Earlier this week, French media reported on a hundred-year-old story about the descendants of hundreds of thousands of 19th century investors into Czarist government-backed bonds, who are now demanding that Moscow compensate them with tens of billions of euros.
Asked to clarify Paris's official position on the issue, the French Economy Ministry emphasized that all Russian-French country-to-country debts are considered paid.
"Interstate disputes between the French Republic and the Russian Federation on the issue of 'Russian bonds' were eliminated with the May 27, 1997 signing of an agreement between the two countries, under which France and Russia mutually renounced all financial debts that arose between them before May 9, 1945, and under which both parties refrained from supporting the claims of citizens relating to these debts," the ministry said, in a statement obtained by the RIA Novosti news agency.
Under the 1997 agreement, Moscow volunteered to pay out the equivalent of about 330 million euros in a goodwill gesture.
As far as bondholders were concerned, the Economy Ministry said that by its accounting, a total of 315,219 holders of Czarist bonds with a total of about ten million securities in their possession had received compensation.
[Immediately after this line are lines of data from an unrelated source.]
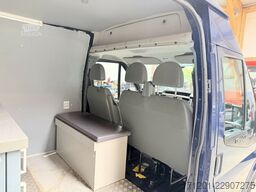 FORD Transit 125T350 L AWD 4x4 Allrad 1, Hand!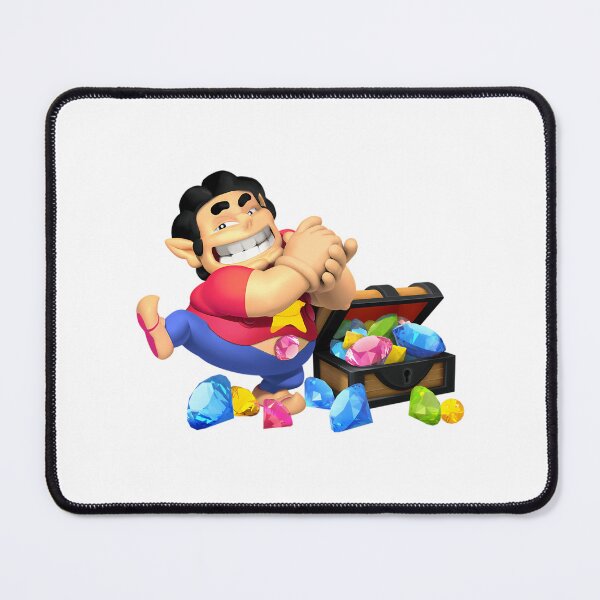 Item preview, Give Wario Your Gems designed and sold by rowyn-parson.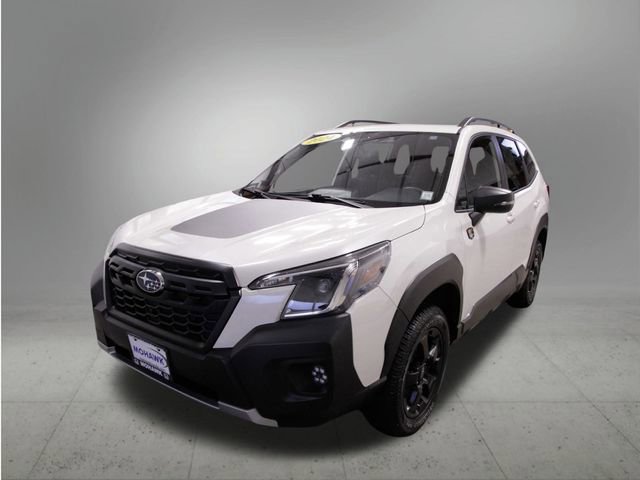 Used 2024 Subaru Forester Wilderness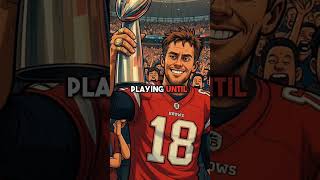 Tom Brady: From Pick 199 to GOAT - The Ultimate Comeback Story #nfl #shorts #motivation #success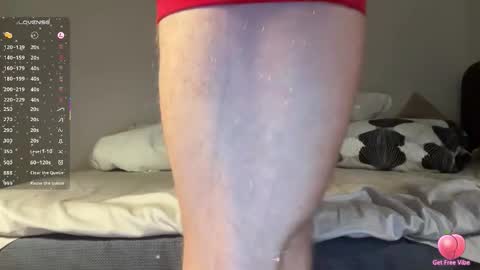 NaughtyFitHusband online show from 11.09.25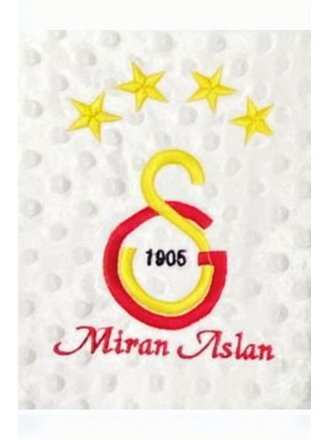 Hastane Çıkış Seti 4’lü Taraftar(GS) Model 2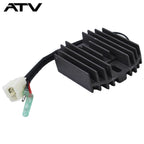 Voltage Regulator Rectifier for Yamaha Big Bear 350 400 1996 1997 1998 1999-2001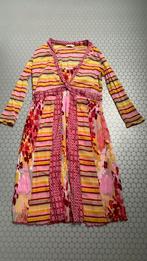 Kleurrijke jurk, merk Sandwich, Kleding | Dames, Ophalen of Verzenden, Zo goed als nieuw, Maat 42/44 (L)
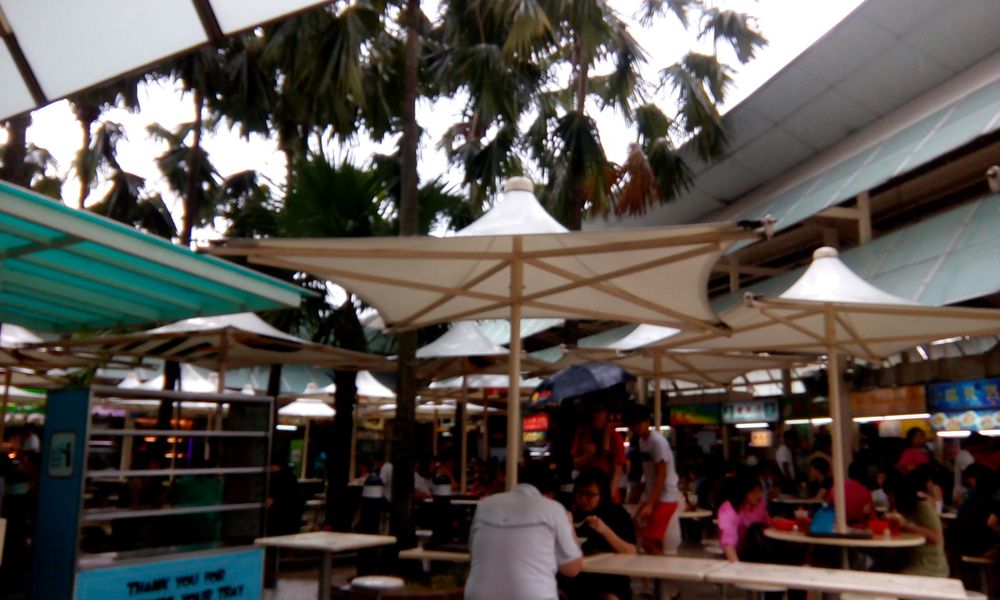 Serangoon Garden Market & Food Centre Hawker Centre 49A Serangoon Garden Way, Serangoon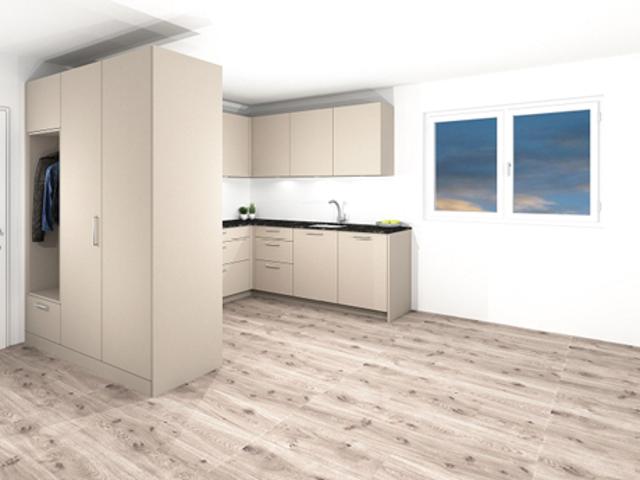 Rent a 2 ½ rooms apartment in Bellach Flatfox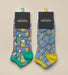 Free Color Socks Design Mockup Psd
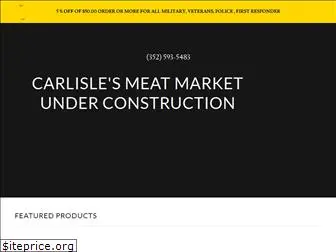 carlislesmeatmarket.com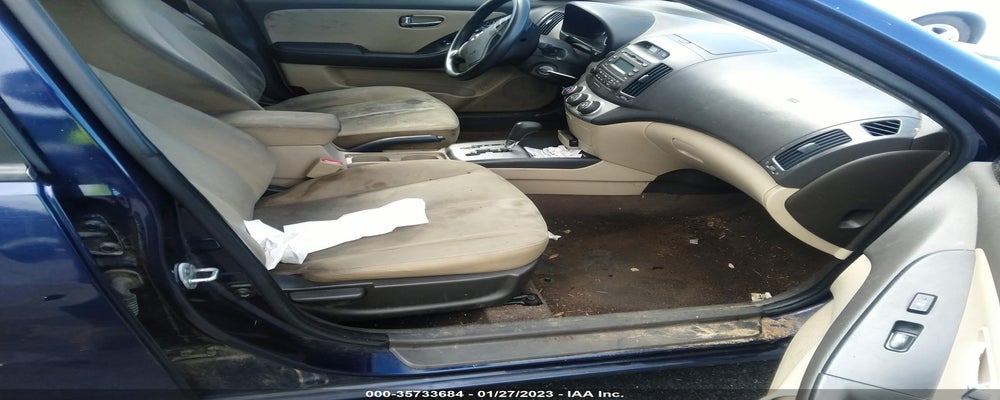 KMHDU4AD7AU104909 2010 HYUNDAI ELANTRA photo no. 5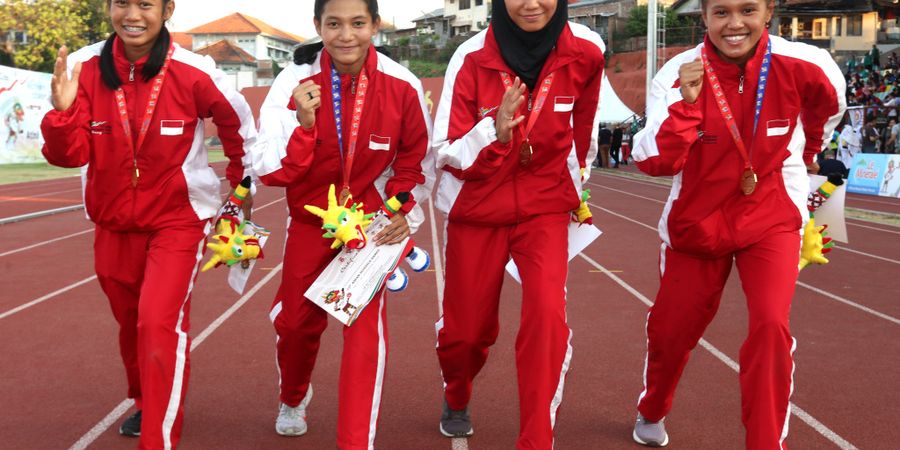 ASEAN Schools Games 2019 - Atletik Kembali Sandingkan Medali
The ministry stressed that as far as Paris is concerned, "country-to-country disputes have been eliminated," and France has no claims on the Russian side on the issue.
At the same time, the ministry noted that the 1997 agreement does not deprive individual French citizens, "even those who have received compensation, of the right to file claims," even if "the state has no obligations to these people, in connection with the agreement concluded [in 1997]."
The news will surely come as relief to Russians, who voiced their frustration this week over the idea that yet another country seemed to be making claims on long-forgotten debts. Last year, Moscow officially paid off the balance of Soviet debt, even though after the collapse of the USSR it was first assumed that all former Soviet republics would share the debt burden. As of the mid-1990s, the ex-USSR's debt amounted to nearly $105 billion, with $47 billion of that owed to the Paris Club of creditors.
In recent years, Russia has also forgiven tens of billions worth of debt to ex-Communist Bloc countries, writing off $11 billion owed by Afghanistan, $30 billion by Cuba, $21.5 billion by Iraq, $11.1 billion by Mongolia, $10 billion by North Korea, as well as about $20 billion owed by a group of African countries.